— TASK DESCRIPTION —
Repeat the listing word for word. Leave every picture out.
*** DATASET RECORDS ***
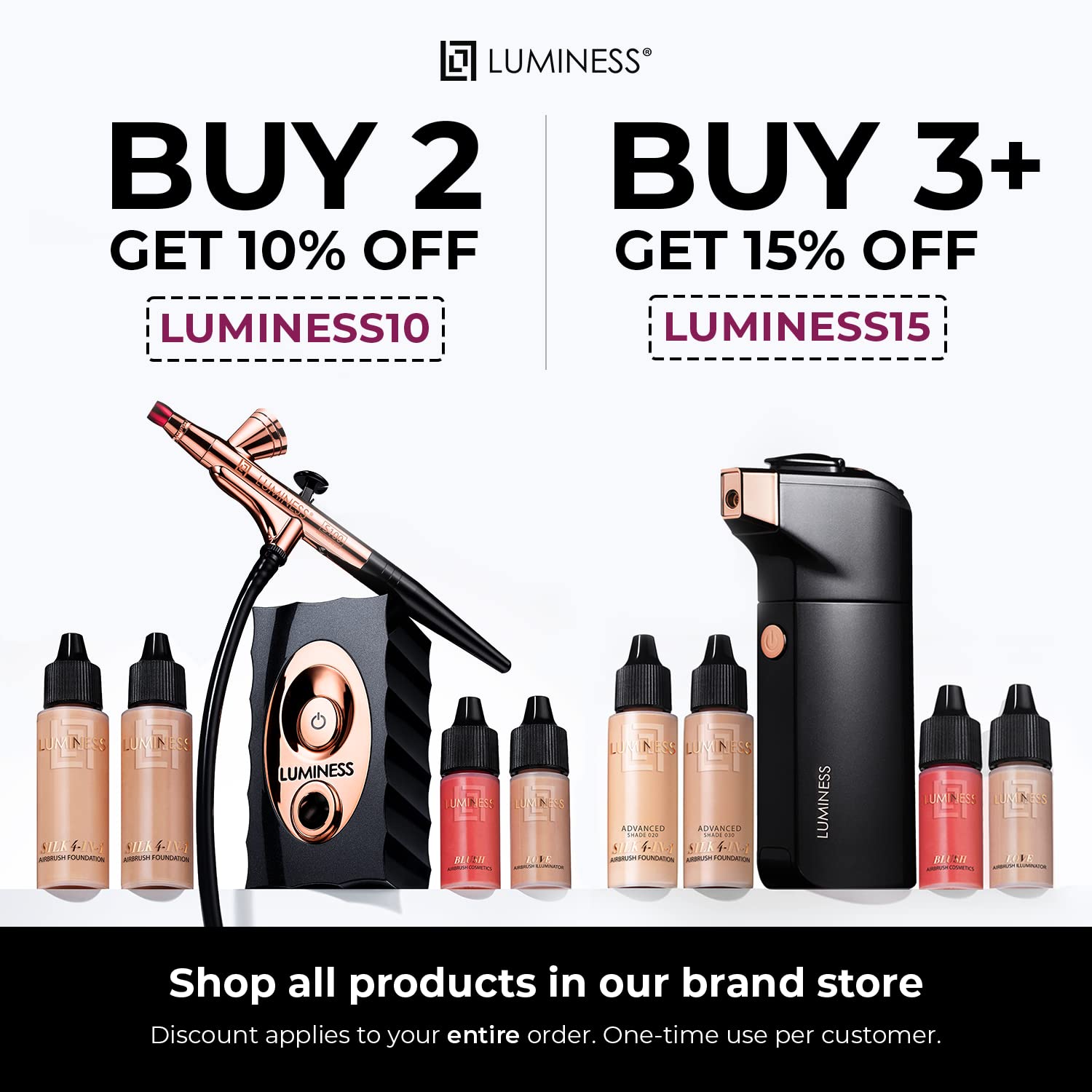 LUMINESS Silk Airbrush Spray Foundation Makeup Starter Kit - Full Coverage Foundation, Primer & Dual-Sided Buffing Brush - Buildable, Anti-Aging LUMINESS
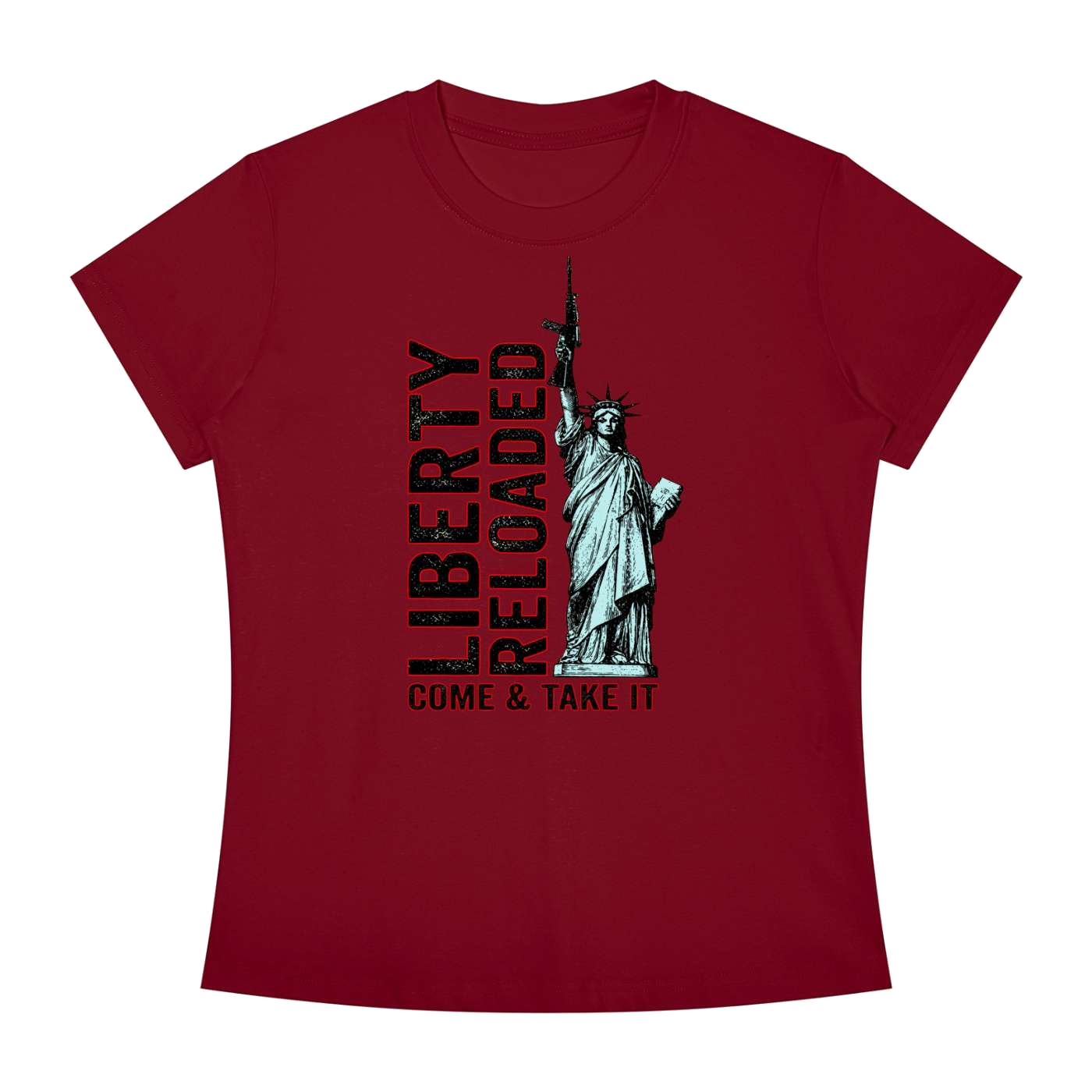 Liberty Reloaded: Come & Take It Women's Slim Fit Crewneck T-Shirt - Image 17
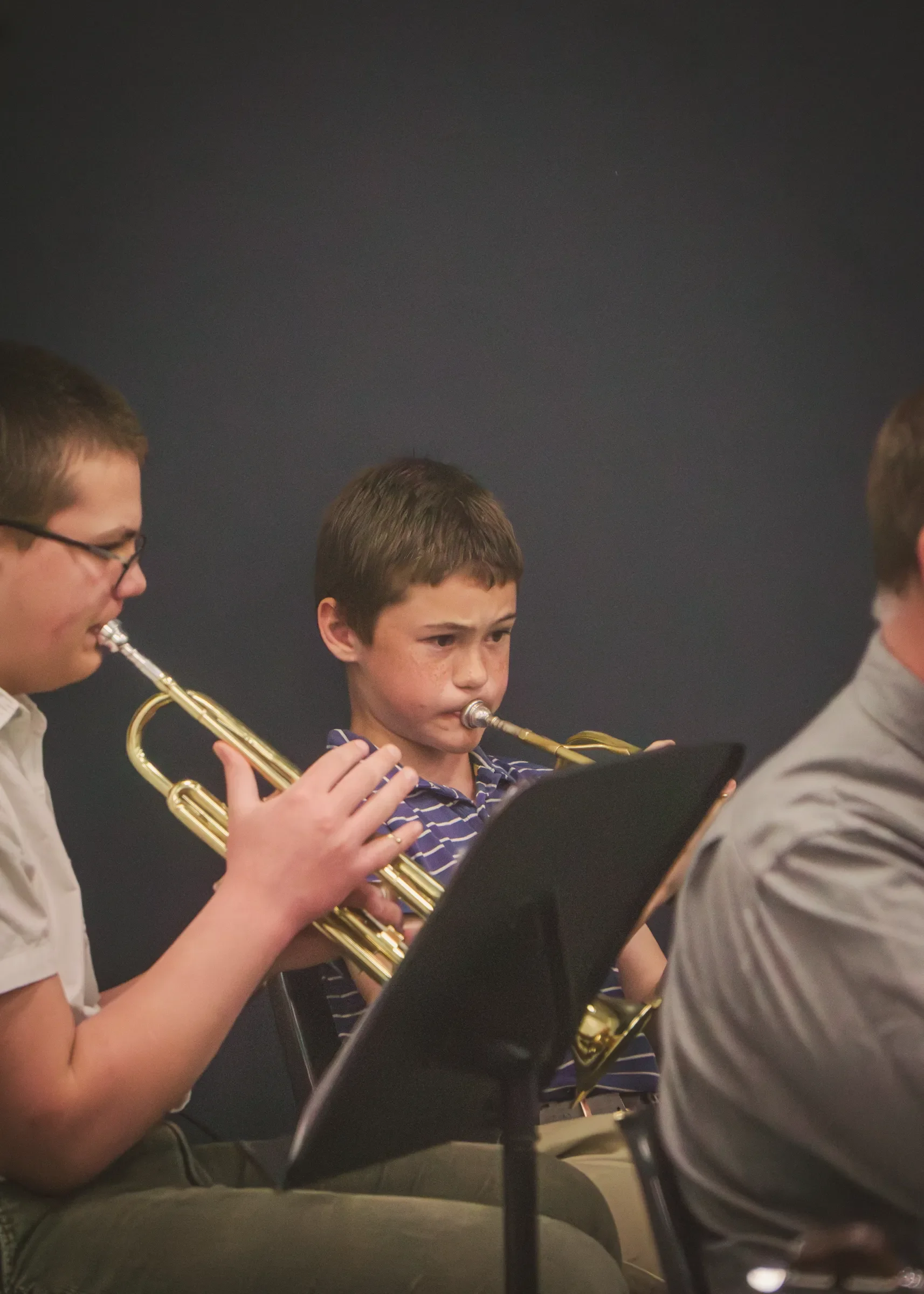 Two trumpet players performing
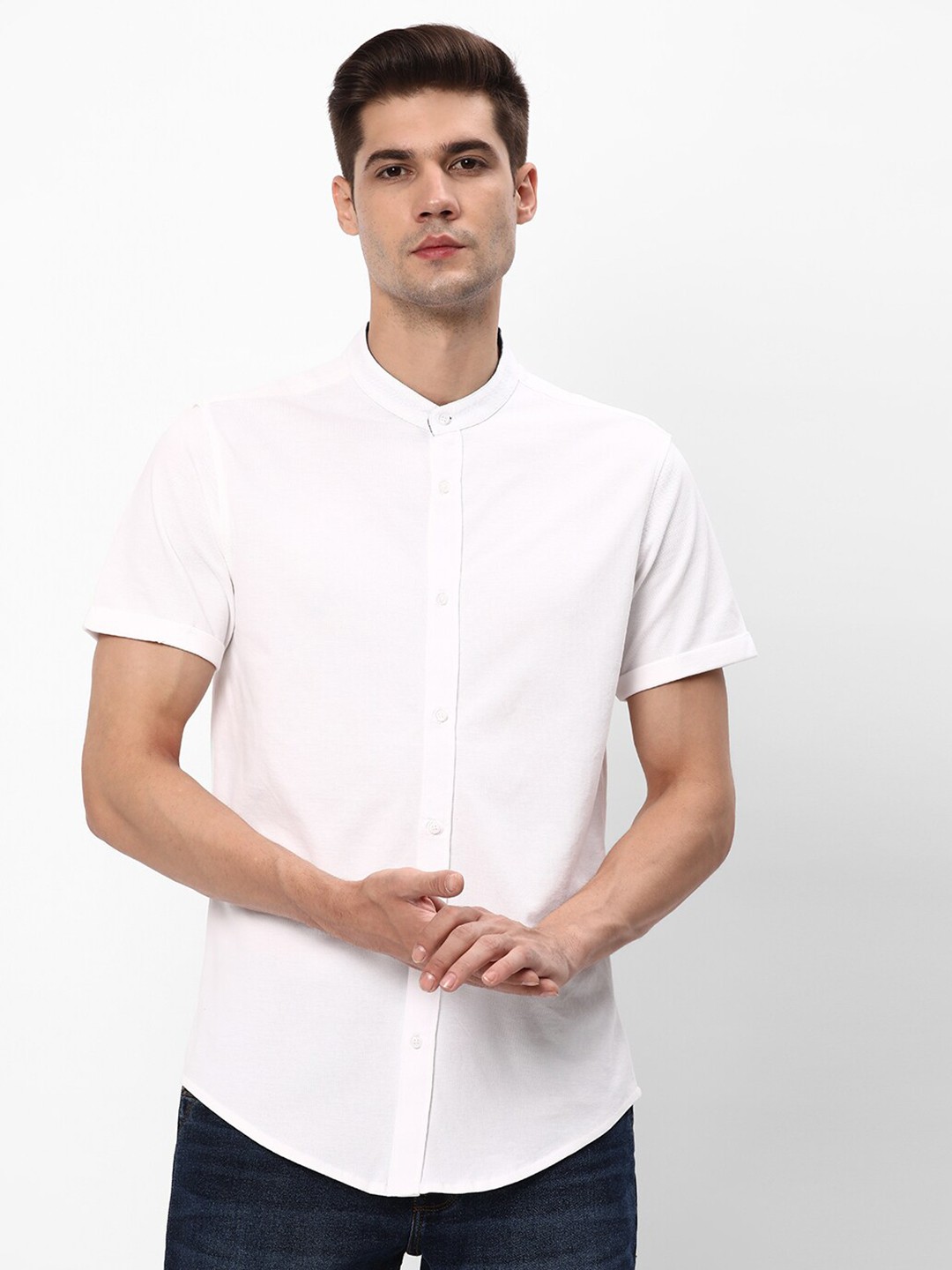 

R&B Band Collar Cotton Casual Shirt, White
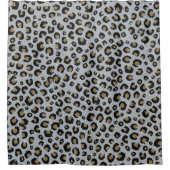 シルバー金ゴールドグリッターブラックレオパードプリント シャワーカーテン (正面)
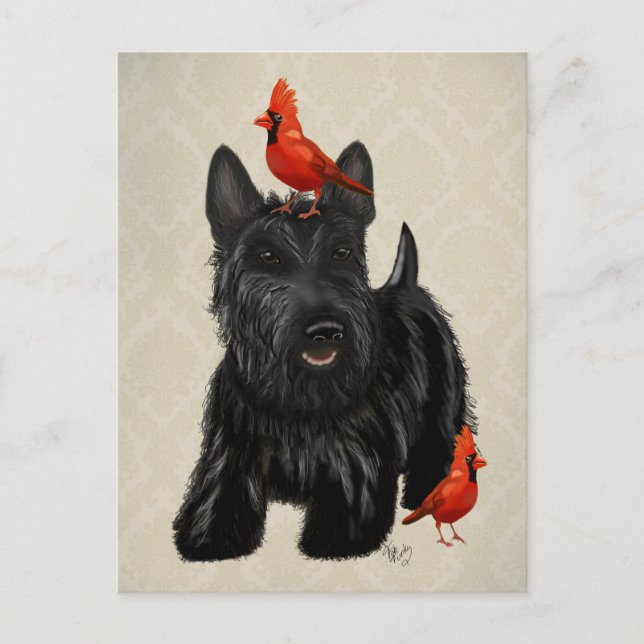 Scottie Dog and Red Birds Postcard (Front)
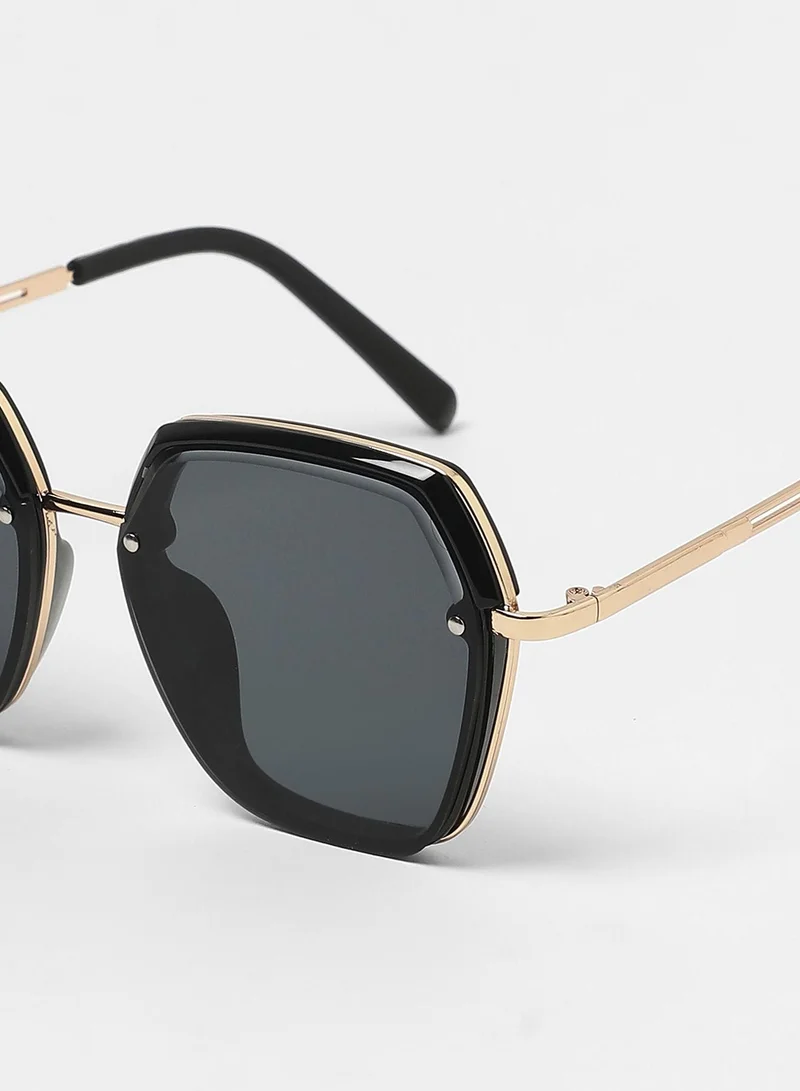 Haute Sauce  Haute Sauce Women's The Layered Butterfly Sunglasses For Casual Wear | One-Size | Onyx Black Alloy Frame | Midnight Black Polarized Lens | Full Rim | Eyewear For Woman & Girls for Women | Best Price UAE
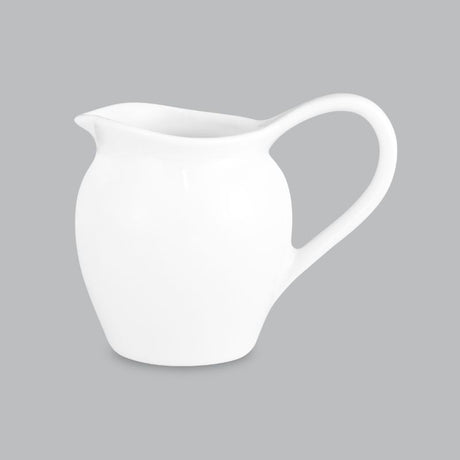 Classic 110ml jug in elegant white new bone porcelain, ideal for serving sauces or cream, durable and dishwasher safe.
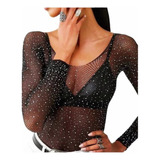 Body Tule Strass Pedraria Moda Noite Balada Sexy Brilho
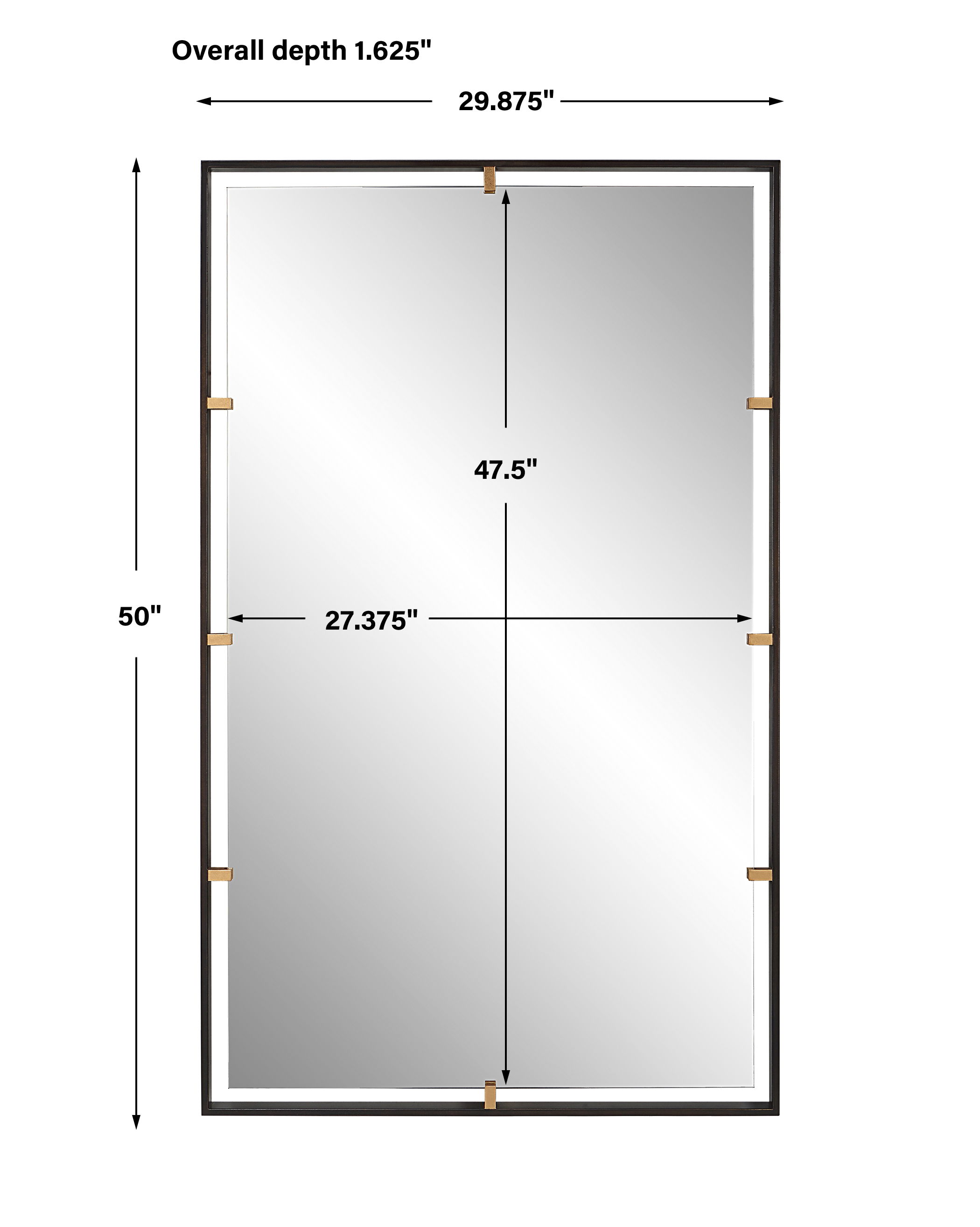 Egon Rectangular Bronze Mirror, by Uttermost, 29.87" width x 50" height x 1.62" depth View 3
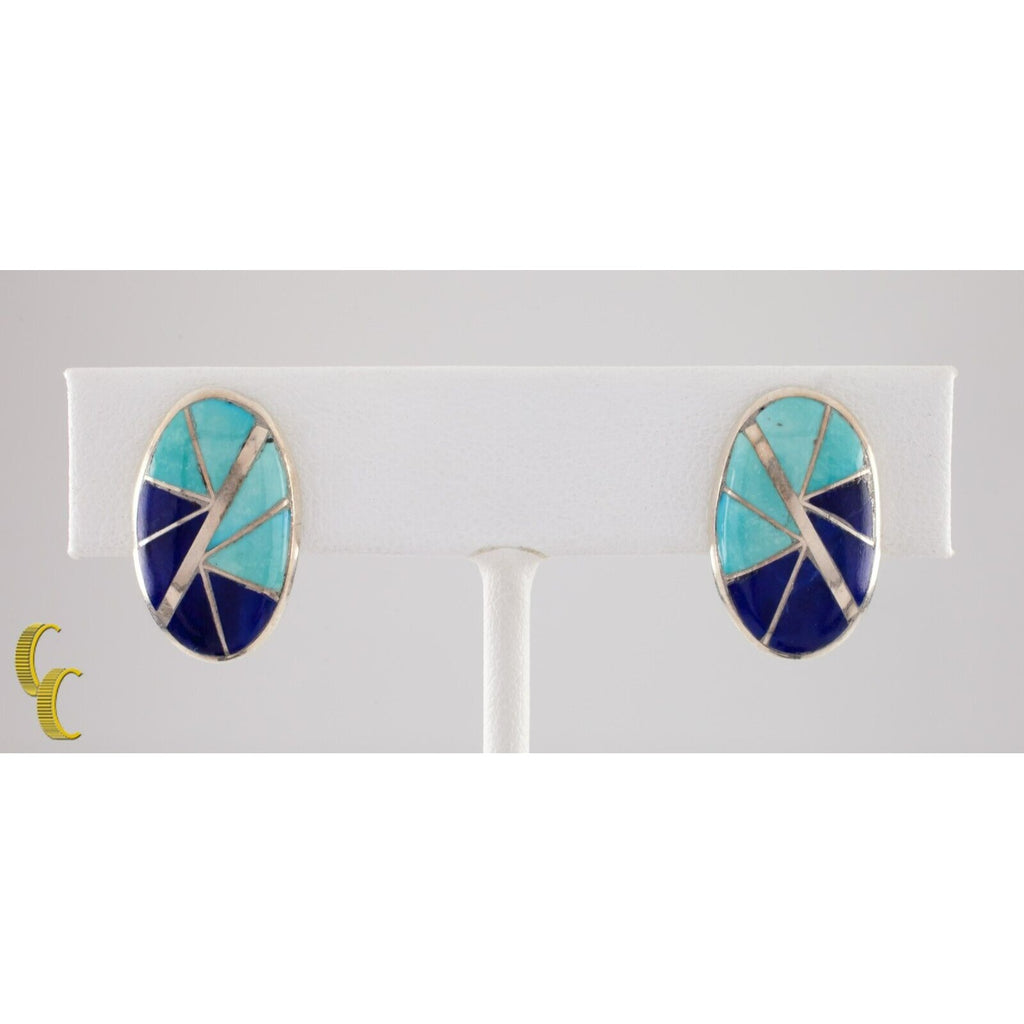 Sterling Silver Lapis and Turquoise Inlay Clip-On Earrings Gorgeous!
*** End of DATASET RECORDS ***
— EXERCISE RESULT —
 LUMINESS Silk Airbrush Spray Foundation Makeup Starter Kit - Full Coverage Foundation, Primer & Dual-Sided Buffing Brush - Buildable, Anti-Aging LUMINESS
 Liberty Reloaded: Come & Take It Women's Slim Fit Crewneck T-Shirt - Image 17
 Two trumpet players performing

R&B Band Collar Cotton Casual Shirt, White
 シルバー金ゴールドグリッターブラックレオパードプリント シャワーカーテン (正面)
 Scottie Dog and Red Birds Postcard (Front)
 Haute Sauce  Haute Sauce Women's The Layered Butterfly Sunglasses For Casual Wear | One-Size | Onyx Black Alloy Frame | Midnight Black Polarized Lens | Full Rim | Eyewear For Woman & Girls for Women | Best Price UAE
 Classic 110ml jug in elegant white new bone porcelain, ideal for serving sauces or cream, durable and dishwasher safe.
 Body Tule Strass Pedraria Moda Noite Balada Sexy Brilho
 Egon Rectangular Bronze Mirror, by Uttermost, 29.87" width x 50" height x 1.62" depth View 3
 Sterling Silver Lapis and Turquoise Inlay Clip-On Earrings Gorgeous!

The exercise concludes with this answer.